Those who have attended his concerts know that Dudu beautifully intersperses medleys of songs throughout his concerts, both soul-stirring and humorous, both cantorial and traditional, composed in Yiddish, Hebrew or English. And along with his songs, Dudu adeptly sprinkles in his own unique blend of anecdotes, jokes and short but genuine life stories.

When Dudu performed at the banquet event of the Davos retreat organized by the EJSN, he brought tears to my eyes—tears unleashed by unrestrained laughter as well as poignancy, beauty and hope.
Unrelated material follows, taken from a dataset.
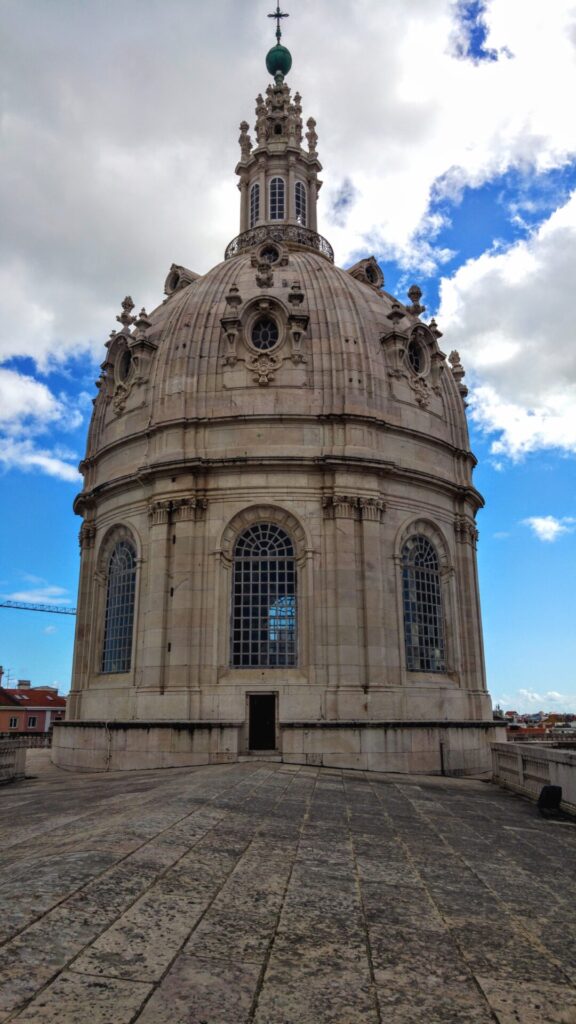Wendeltreppe mit Dach mit Kuppel der  Basílica da Estrela in Lissabon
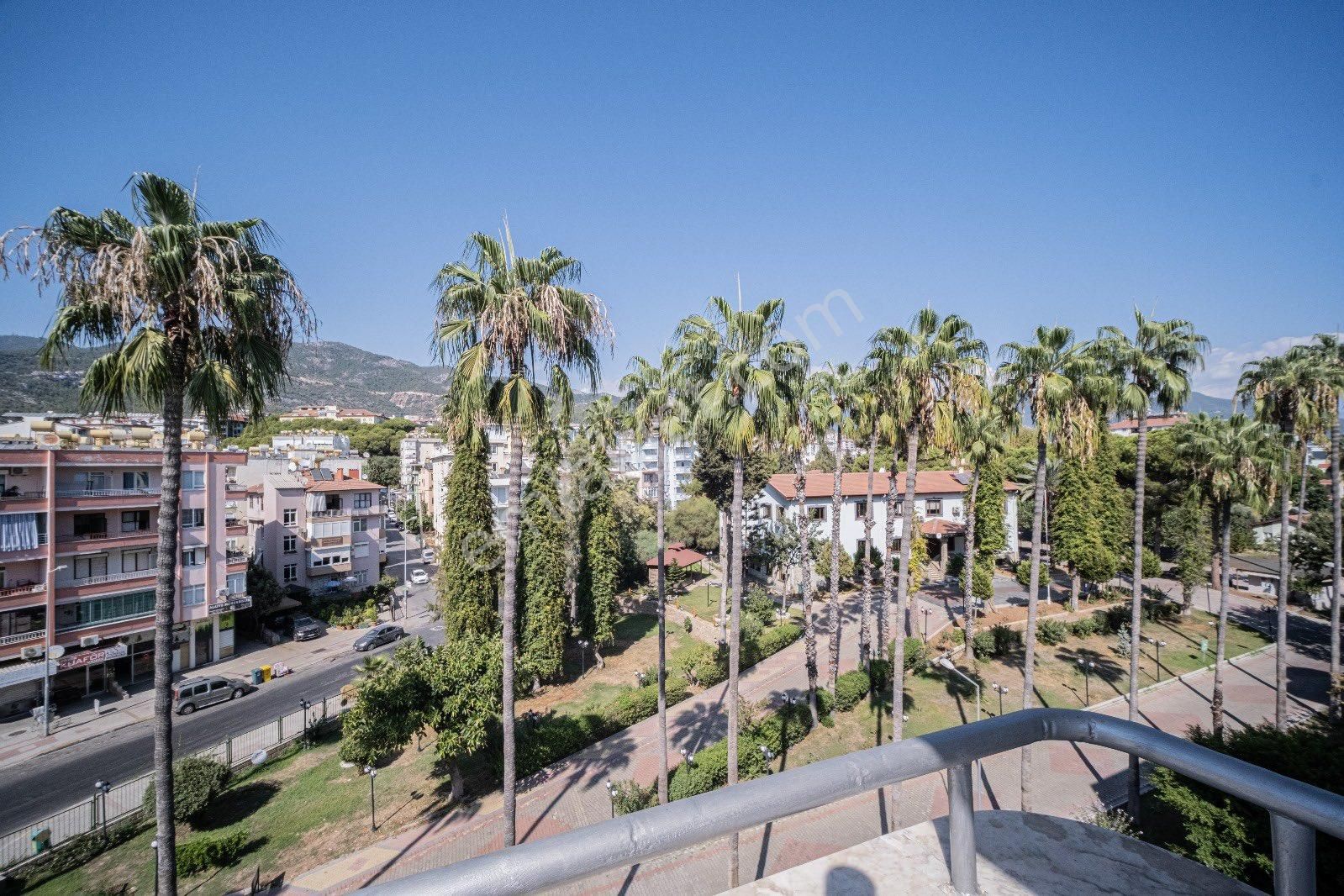 Cumhuriyet Mahallesi Denize 2.bina 3+1 Lüx Eşyalı Daire - Görsel 19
It was at Dudu's concert that I learned, too, of his trials and struggles during his prestigious singing career—and the many times that he needed to turn down performances that were scheduled for Friday nights, Saturday matinees or other Jewish holidays.

But over and over again, regardless of the fame or career advancement that these opportunities could have afforded him, Dudu refused to bend the law to play on these holy days.

As he spoke and sang and related some of his tests and triumphs, I wondered: In a world where careers could be destroyed by such refusals, what provided Dudu with the fortitude to remain true to what he knew was right, despite what must have been amazing temptation?

And then Dudu shared with us a special story.

The story took place more than half a century ago, with a young woman who was in her late stages of pregnancy. She was devastated to hear her doctor's verdict.

"You must terminate the pregnancy," he sternly warned her. "There is danger to you and/or the baby and I advise you to abort immediately."

Feelings of devastation, panic and despair overcame her. What should she do? How should she proceed?

Before coming to a resolution, the woman sought the advice of Rabbi Yosef Yitzchak Schneersohn, the sixth Lubavitcher Rebbe.

The response that she received was swift and decisive: "The mother and the baby will both be healthy."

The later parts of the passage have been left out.